Insomma, la virtus di Cincinnato, chiaro modello della virtù repubblicana, consisteva nel non cercare l’incarico politico – magari per vanità, per gloria, o per sete di potere – ma al contrario, mettersi a disposizione dell’intera comunità quando questa ne avesse avuto bisogno, quando questa ne richiedeva l’intervento: la Toga, le conoscenze, la formazione, la cultura, al servizio di tutti quando ciò fosse stato richiesto, e non, invece, l’affanno per piazzarsi in qualche posto…
Al contempo, è la zappa, il simbolo del lavoro dei campi, della cura della terra, della sapienza contadina, a brillare come astro portante nella vita del dittatore romano, in quanto garanzia di capacità, dedizione, sacrificio, pazienza, fiducia…

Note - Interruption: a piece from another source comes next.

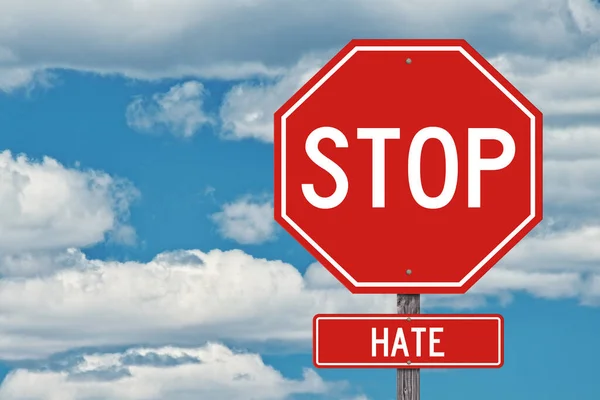 Zastavit Znak Nenávisti Modrá Obloha Pozadí — Stock fotografie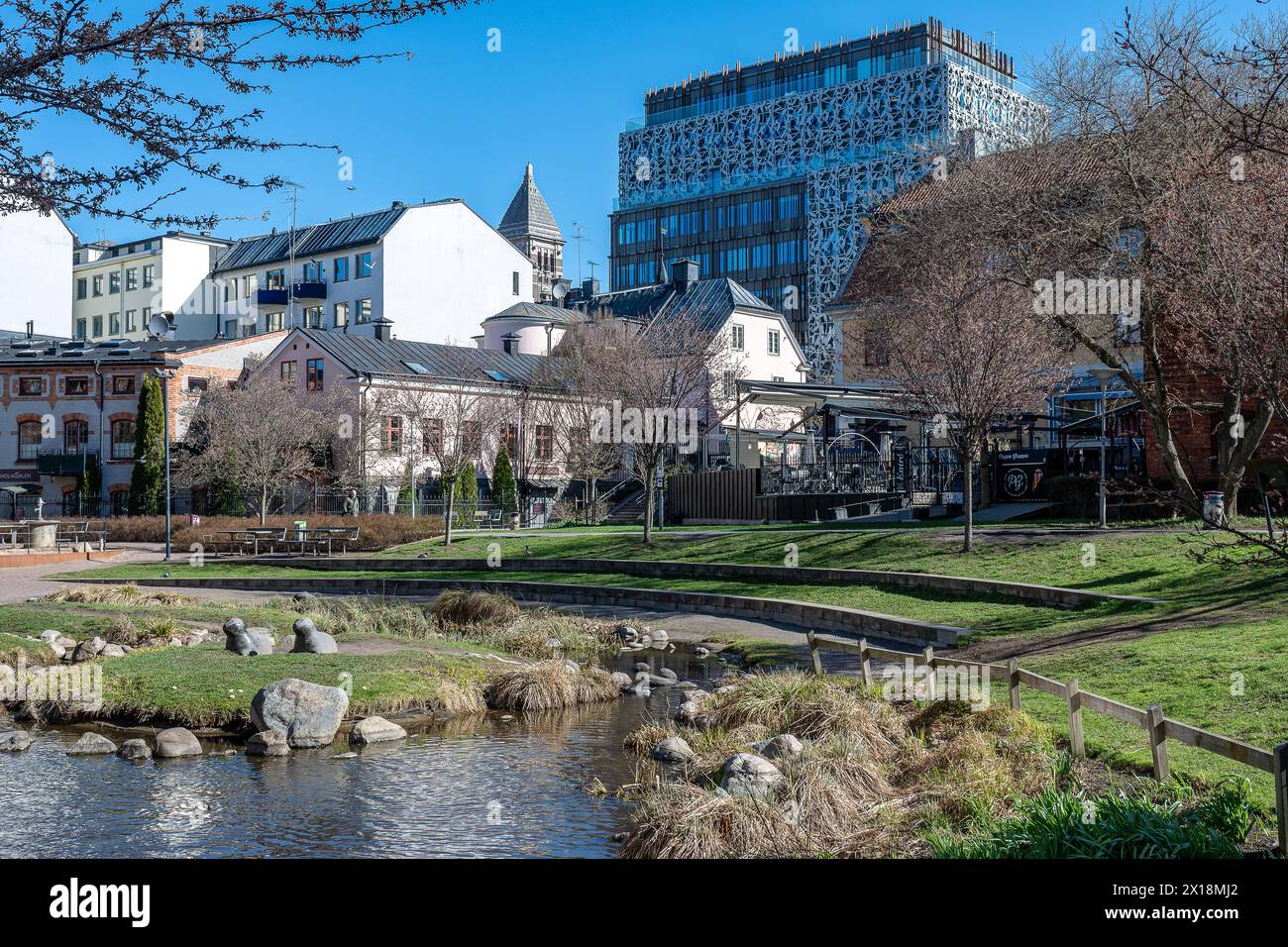 Parco cittadino di Strömparken all'inizio della primavera a Norrköping. Norrköping è una storica città industriale della Svezia Foto Stock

La toga e la zappa: conoscenza e padronanza del mondo del Diritto – che nell’universo romano abbraccia non solo le leggi, ma valori, civiltà, senso religioso, identità – e lavoro umile, necessitante di apprendimento continuo, fondato sull’aver cura, sul “colĕre”.
La toga e la zappa. Quello che manca ai politici di oggi, troppo spesso incompetenti, assetati di incarichi e candidature, avulsi dal sacrificio del lavoro quotidiano, incapaci di aver cura, di pazientare, di seminare prima di poter raccogliere…
La toga e la zappa. Per ripartire dalla virtus. Per rifondare la Civitas.